Writing for the computer screen is different than writing for the printed page. There is actually a physiological difference between the two reading materials. Paper, as you’ve noticed, doesn’t flicker (unless it’s on fire). If you need more light to read by, you can always turn on another light or move closer to the window. But a computer screen does flicker. How fast it flickers is called the refresh rate, and the refresh rate of most monitors is set too low by detault. And if you aim another light at your computer screen, you’ll only get more glare.
All this means that the eyes of your readers will tire out faster when they read from their computer monitor. So people will be anxious to read faster. In the old days, you could pore over the latest letter from your grandmother over a cup of tea. Don’t expect your customers to sip tea while they read your sales letter, unless you’re a very captivating writer.

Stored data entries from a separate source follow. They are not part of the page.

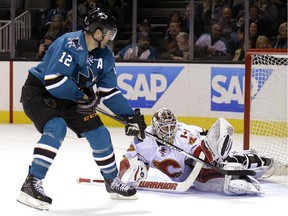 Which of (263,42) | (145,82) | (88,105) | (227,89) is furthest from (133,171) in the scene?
(145,82)

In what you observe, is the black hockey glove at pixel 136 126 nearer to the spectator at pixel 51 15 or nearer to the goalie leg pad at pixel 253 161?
the goalie leg pad at pixel 253 161

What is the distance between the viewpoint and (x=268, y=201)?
4883 mm

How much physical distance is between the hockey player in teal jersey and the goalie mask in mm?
273

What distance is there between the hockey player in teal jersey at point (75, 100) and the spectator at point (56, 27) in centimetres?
508

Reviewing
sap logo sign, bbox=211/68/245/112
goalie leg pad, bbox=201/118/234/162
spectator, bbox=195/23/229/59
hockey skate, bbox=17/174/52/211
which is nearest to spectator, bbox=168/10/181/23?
spectator, bbox=195/23/229/59

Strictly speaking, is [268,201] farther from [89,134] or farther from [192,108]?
[192,108]

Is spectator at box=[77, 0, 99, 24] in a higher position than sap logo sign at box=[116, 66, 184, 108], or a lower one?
higher

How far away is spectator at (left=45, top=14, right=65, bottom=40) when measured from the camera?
9773mm

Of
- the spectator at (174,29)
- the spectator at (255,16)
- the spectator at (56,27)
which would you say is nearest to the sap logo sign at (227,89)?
the spectator at (255,16)

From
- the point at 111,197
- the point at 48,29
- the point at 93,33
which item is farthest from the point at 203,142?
the point at 48,29

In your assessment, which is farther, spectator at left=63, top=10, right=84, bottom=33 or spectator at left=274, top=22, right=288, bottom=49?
spectator at left=63, top=10, right=84, bottom=33

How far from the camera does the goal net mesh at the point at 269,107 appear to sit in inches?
244

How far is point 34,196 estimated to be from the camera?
14.3ft

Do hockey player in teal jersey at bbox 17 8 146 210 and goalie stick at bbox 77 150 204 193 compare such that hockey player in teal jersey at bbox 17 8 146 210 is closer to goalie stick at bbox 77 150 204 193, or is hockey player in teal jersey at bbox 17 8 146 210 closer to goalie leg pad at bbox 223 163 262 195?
goalie stick at bbox 77 150 204 193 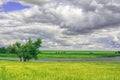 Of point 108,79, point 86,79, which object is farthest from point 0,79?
point 108,79

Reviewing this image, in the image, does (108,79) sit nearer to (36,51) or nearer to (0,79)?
(0,79)

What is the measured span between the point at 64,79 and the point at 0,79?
195 inches

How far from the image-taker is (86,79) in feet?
72.7

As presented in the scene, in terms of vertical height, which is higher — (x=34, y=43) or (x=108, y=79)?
(x=34, y=43)

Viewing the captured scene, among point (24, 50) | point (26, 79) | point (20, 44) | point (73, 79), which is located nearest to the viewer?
point (26, 79)

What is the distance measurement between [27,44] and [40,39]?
16.1ft

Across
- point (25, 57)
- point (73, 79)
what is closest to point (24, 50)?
point (25, 57)

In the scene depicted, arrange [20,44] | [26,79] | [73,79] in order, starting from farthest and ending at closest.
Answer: [20,44] < [73,79] < [26,79]

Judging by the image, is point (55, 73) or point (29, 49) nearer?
point (55, 73)

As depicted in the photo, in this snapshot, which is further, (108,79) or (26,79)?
(108,79)

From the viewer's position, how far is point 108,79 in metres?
22.5

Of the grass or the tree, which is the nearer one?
the grass

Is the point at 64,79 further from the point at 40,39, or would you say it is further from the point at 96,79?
the point at 40,39

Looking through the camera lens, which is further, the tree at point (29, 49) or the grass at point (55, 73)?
the tree at point (29, 49) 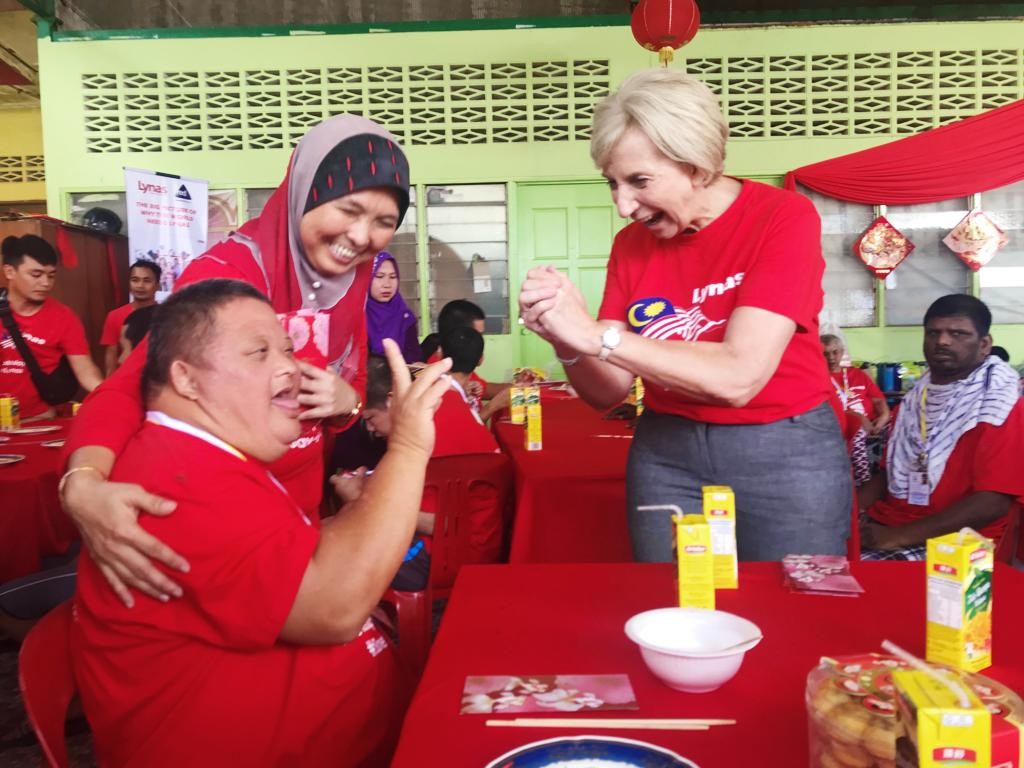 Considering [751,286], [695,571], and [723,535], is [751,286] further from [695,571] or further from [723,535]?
[695,571]

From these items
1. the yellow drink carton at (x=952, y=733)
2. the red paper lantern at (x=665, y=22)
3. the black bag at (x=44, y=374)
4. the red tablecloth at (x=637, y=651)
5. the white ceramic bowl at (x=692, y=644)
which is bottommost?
the red tablecloth at (x=637, y=651)

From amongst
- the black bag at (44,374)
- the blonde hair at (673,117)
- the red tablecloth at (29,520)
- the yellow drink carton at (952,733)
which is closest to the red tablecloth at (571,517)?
the blonde hair at (673,117)

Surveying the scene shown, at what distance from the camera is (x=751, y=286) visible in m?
1.52

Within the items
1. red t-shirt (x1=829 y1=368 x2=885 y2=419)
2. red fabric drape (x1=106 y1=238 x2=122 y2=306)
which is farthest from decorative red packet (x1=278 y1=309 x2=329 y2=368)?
red fabric drape (x1=106 y1=238 x2=122 y2=306)

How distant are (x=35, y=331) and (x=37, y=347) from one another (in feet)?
0.29

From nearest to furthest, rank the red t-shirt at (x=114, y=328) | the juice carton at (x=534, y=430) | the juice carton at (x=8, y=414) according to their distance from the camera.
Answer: the juice carton at (x=534, y=430) → the juice carton at (x=8, y=414) → the red t-shirt at (x=114, y=328)

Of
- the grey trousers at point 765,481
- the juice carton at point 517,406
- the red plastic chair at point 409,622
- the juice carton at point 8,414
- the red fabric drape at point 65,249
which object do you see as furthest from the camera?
the red fabric drape at point 65,249

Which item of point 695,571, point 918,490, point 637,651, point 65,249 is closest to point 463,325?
point 918,490

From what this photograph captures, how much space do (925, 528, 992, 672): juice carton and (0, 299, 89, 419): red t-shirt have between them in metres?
4.47

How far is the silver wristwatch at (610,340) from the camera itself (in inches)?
57.1

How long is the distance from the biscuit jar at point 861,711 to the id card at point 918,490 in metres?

What is the best way to write for the screen?
- Write short. Get to the point. Say it quickly. Use the inverted pyramid style of writing, like a reporter does.
- Write in lists. Use bullets – those little marks that begin each line in this list. Or if you’re writing instructions (a form of technical writing), discuss each step in order and use numbered lists instead of bulleted lists.
- Write to be scanned. Most people who read computer screens are looking for information. Help them to find the information as soon as possible.
You may think you should hide the juicy bits within a flowing, glowing sales pitch (such as your price and how to order) in hopes your potential customer will read all of it. But if you don’t provide the information your reader wants before they get impatient, they will go somewhere else.